When you embarked on this years-long research project, did you ever think it would have such contemporary pertinence? From the resurgence of the alt-right, to Johnson’s Trump connection?

Well Trump as president was not something that I had envisioned. And in all seriousness, the relevance of the politics was really important to me. I started writing this in the Obama presidency and it seemed to me the rise of populist proto-fascist right wing political parties in the 1930s was quite analogous to the rise of the sort of alt Tea Party movement in the beginning of the Obama years. And to me, that was very, very similar.

Philip Johnson Biography
Later in life, Philip Johnson expressed remorse for his fascist past and tried to make amends. He designed the Congregation Kneses Tifereth Israel in Westchester, NY pro bono. Courtesy Mark Lamster

Architecture is in a moment of reckoning where we’re having to reconcile biography with work. Knowing what we know about Johnson now, can he be forgiven? Or are we supposed to rethink his architecture legacy? 

To me, the key is to understand the history and to know it. Whether people can forgive Johnson or not is something that every individual has to decide for themselves. I’m not here to tell you how to feel about him, I’m here to present you with the facts. Part of being a sophisticated reader is to try and wrestle with that kind of difficulty. And I think if you’re going to junk [all of their work], you’re gonna do yourself a disservice. And then on the other hand, if you’re going to ignore [their biography], that’s not such a great idea either. So I know it’s a nice fantasy that there are easy answers for this, that it’s a black and white issue, but there aren’t.

If you had the benefit of sitting down with Philip Johnson today—in the Glasshouse or wherever—what would you be most curious to ask him?

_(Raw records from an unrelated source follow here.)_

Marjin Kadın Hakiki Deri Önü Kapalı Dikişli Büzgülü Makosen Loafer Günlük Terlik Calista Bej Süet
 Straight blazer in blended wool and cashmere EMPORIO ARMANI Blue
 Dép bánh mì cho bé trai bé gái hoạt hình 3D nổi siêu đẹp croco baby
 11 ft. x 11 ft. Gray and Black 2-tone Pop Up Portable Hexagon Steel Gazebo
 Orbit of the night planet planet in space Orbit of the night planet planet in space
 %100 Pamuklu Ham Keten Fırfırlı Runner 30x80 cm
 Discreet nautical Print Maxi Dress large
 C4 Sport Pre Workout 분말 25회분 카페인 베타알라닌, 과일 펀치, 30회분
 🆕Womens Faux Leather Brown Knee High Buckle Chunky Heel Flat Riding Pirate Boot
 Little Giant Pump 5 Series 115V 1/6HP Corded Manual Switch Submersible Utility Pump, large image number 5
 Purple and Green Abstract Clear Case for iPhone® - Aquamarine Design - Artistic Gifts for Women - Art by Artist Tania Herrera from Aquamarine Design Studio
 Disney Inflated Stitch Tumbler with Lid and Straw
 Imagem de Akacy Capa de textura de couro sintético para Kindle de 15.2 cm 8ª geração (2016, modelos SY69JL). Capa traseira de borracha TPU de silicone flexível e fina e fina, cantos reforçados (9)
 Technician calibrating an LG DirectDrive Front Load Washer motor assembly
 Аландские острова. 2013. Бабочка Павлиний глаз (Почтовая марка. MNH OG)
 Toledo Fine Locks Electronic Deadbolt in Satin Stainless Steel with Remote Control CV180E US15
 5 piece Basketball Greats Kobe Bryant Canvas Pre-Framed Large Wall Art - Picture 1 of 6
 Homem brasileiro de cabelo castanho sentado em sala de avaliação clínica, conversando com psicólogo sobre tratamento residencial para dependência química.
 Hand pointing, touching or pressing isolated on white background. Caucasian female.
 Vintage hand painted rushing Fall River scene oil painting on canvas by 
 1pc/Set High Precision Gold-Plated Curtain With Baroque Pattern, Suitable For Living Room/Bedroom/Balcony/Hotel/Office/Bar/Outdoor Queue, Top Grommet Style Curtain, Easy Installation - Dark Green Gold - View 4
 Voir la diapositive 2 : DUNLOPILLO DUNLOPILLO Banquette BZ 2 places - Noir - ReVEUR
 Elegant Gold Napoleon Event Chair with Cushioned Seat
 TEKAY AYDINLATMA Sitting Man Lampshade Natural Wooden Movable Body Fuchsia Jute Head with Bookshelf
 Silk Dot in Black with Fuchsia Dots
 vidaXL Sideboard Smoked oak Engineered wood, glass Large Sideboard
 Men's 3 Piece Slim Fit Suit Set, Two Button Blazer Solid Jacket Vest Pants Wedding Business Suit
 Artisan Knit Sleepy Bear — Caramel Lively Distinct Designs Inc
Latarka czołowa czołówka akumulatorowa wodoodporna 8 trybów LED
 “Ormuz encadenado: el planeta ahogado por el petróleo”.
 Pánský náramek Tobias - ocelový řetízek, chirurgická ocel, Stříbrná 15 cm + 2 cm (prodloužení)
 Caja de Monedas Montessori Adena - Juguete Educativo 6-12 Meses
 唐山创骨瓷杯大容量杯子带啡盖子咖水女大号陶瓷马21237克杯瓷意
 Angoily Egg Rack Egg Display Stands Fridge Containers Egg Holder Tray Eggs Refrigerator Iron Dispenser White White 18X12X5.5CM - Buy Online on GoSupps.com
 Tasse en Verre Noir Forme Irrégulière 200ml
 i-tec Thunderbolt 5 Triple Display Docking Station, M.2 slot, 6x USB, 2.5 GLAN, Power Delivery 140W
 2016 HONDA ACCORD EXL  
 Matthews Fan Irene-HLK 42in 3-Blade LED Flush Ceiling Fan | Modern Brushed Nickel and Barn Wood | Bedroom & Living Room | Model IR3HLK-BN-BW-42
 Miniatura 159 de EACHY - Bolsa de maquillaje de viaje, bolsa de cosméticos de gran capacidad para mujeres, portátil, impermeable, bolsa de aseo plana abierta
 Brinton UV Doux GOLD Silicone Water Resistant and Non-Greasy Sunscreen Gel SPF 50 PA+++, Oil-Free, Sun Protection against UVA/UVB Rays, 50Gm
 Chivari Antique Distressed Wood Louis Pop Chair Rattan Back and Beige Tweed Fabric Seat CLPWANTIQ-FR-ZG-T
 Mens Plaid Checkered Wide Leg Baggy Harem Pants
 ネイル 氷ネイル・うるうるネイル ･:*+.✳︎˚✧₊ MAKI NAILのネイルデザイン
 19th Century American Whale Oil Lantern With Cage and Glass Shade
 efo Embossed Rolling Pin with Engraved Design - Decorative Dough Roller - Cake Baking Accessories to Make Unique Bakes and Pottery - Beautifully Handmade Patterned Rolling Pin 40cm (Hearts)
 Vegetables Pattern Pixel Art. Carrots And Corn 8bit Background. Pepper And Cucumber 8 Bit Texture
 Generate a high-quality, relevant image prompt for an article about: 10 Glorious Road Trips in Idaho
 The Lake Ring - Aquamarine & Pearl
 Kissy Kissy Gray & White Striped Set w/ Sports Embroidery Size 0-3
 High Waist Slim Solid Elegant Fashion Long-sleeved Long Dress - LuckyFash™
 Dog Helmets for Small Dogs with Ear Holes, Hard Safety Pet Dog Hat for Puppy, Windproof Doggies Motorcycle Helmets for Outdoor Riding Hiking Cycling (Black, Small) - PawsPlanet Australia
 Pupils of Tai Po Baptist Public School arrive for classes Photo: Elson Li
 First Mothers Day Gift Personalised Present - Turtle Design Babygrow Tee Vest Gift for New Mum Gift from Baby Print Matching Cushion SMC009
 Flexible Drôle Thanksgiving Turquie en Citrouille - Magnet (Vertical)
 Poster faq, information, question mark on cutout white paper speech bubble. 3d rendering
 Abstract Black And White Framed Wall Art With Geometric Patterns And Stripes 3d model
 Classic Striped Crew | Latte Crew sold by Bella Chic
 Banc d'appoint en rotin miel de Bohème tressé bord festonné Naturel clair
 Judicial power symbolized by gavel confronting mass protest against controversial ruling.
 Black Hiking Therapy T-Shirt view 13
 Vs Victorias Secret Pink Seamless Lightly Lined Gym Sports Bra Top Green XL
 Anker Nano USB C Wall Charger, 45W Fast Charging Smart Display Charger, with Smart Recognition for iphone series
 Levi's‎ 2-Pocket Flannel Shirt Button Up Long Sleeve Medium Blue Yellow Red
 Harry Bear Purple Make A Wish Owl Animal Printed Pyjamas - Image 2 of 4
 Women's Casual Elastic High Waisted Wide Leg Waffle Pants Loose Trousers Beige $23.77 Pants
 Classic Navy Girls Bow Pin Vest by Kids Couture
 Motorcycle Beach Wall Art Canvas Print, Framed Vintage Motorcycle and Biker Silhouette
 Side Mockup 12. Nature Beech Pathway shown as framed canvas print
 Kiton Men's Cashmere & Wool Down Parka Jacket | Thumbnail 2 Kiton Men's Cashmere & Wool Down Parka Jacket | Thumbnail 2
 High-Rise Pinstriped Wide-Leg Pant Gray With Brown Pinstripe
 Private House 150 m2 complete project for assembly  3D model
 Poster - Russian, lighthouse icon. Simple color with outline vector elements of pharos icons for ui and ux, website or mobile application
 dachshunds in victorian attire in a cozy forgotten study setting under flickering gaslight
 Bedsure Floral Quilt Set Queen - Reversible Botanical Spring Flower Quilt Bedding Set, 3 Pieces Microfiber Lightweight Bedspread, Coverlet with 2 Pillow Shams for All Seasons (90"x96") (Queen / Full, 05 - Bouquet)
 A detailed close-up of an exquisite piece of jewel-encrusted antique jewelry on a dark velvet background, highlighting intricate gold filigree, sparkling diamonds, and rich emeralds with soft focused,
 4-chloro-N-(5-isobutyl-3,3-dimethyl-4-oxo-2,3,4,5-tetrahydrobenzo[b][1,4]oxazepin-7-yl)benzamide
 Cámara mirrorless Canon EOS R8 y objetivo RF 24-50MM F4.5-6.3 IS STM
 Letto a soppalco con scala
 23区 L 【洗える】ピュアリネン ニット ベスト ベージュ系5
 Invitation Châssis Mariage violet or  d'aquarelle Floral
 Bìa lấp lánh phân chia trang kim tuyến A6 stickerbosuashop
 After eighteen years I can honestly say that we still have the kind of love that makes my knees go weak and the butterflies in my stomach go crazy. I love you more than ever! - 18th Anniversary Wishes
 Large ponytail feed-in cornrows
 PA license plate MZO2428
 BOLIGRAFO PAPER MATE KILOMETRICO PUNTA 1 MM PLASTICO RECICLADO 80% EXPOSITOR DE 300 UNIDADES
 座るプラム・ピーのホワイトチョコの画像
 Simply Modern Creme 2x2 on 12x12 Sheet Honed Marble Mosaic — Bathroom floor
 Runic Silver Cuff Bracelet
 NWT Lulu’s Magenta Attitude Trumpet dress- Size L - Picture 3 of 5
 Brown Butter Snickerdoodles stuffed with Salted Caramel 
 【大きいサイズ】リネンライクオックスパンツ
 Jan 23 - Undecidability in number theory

By nature as a critic, I’m more someone who watches, so I would like a Philip Johnson performance. I’d like to hear him tell stories that no one else has heard. Then I might starting asking him some questions. Like why on Earth would he make an enemy of Jackie Onassis? What was it like hanging out with George Gershwin in the early days? Tell me about the Jazz Age and going up to the Cotton Club in Harlem? I would like to hear personal stories about him. He’d be a wonderful storyteller.

This interview has been edited and condensed for clarity and length.